Certains pensent que ce processus d’adhésion à l’UE en cours depuis 1987 n’a pas pour réel but l’entrée de la Turquie dans l’UE. Les fonds structurels et une tribune à Bruxelles suffisent…
Ils ne se retirent pas de ce processus car celui-ci leur procure des avantages, même sans débouchés tels que l’entrée de la Turquie dans l’UE. Il leur fournit un statut d’observateur, un accès privilégié à un certain nombre d’informations et de procédures à Bruxelles. Ils ont adopté une stratégie réaliste, pragmatique et fine.
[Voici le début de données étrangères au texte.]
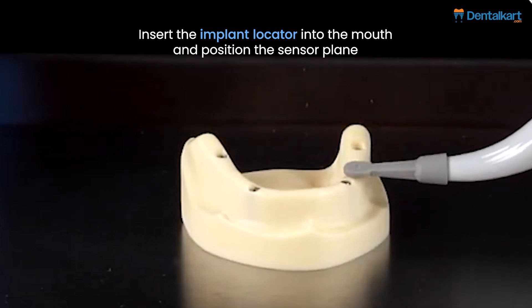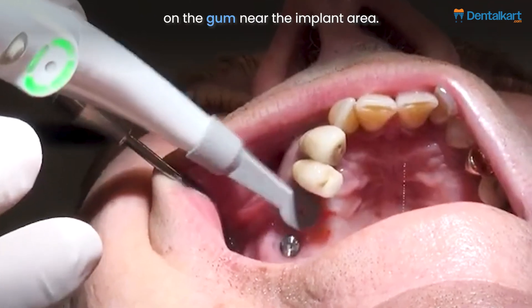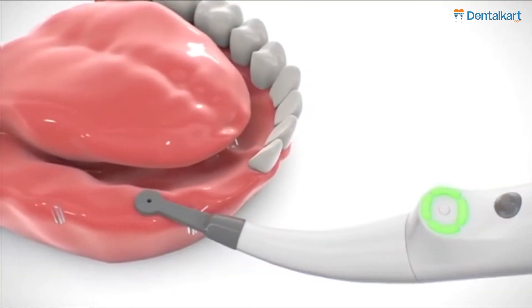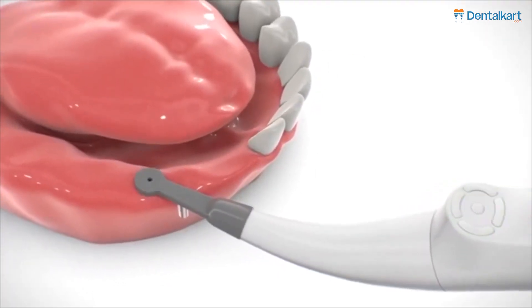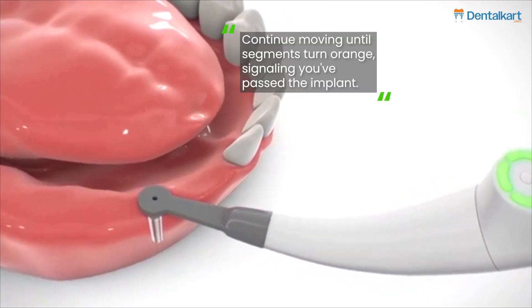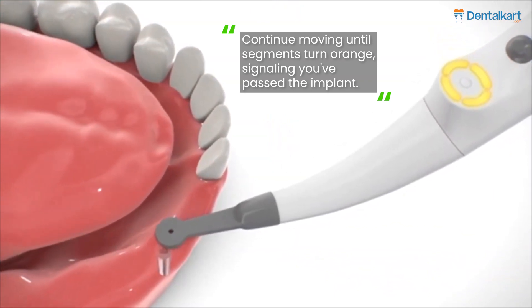Implant locator usage instructions: insert the implant locator into the mouth and position the sensor plane on the gum near the implant area. Align the sensor's central hole with the jaw ridge and move it slowly toward the implant. Watch for four steady green segments indicating proximity to the implant. Continue moving until segments turn orange, signalling you've passed the implant.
La Turquie fait feu de tout bois pour préserver ses intérêts.
Le PKK pourrait-il profiter de cette guerre contre l’EI pour obtenir davantage d’autonomie en Turquie?
Il ne me semble pas que le PKK soit dans une logique d’autonomie mais clairement d’indépendance, de résistance. Surtout depuis que la Turquie soutient discrètement les djihadistes contre les Kurdes de Syrie, ces derniers sont désormais dans une logique de guerre. De plus les Kurdes sont divisés entre eux – selon qu’ils soient turcs, irakiens ou syriens. L’émergence d’un grand Kurdistan paraît lointaine. Erdogan pourrait profiter de cette guerre contre le «terrorisme» dans un but électoral: marginaliser les Kurdes, les assimiler à l’EI et s’allier aux nationalistes ou aux kémalistes turcs.
Quelle est la position des Etats-Unis et de l’UE sur le PKK, puisqu’ils le considèrent à la fois comme une organisation terroriste et comme des alliés objectifs dans la lutte contre l’EI?
Les pays de l’UE ne soutiennent pas la campagne américaine en Syrie contre Daech mais uniquement en Irak. Par ailleurs le PKK intervient en Turquie alors que c’est son parti frère le YPG [ndlr: Unités de protection du peuple, branche armée du PYD, Parti de l’union démocratique, le parti politique kurde syrien] qui se bat contre l’EI. Alliés de fait avec l’armée loyale à Bachar al-Assad, les pays européens répugnent à soutenir les Kurdes de Syrie. Et en Irak, les Kurdes ne sont pas affiliés au PKK, Barzani est allié à la Turquie et la laisse bombarder les bases du PKK sur la frontière irakienne. La coalition américaine se garde bien d’intervenir dans les affaires intérieures turques contre le PKK, mais elle soutient la cause kurde à l’extérieur. D’où l’incompréhension américano-turque.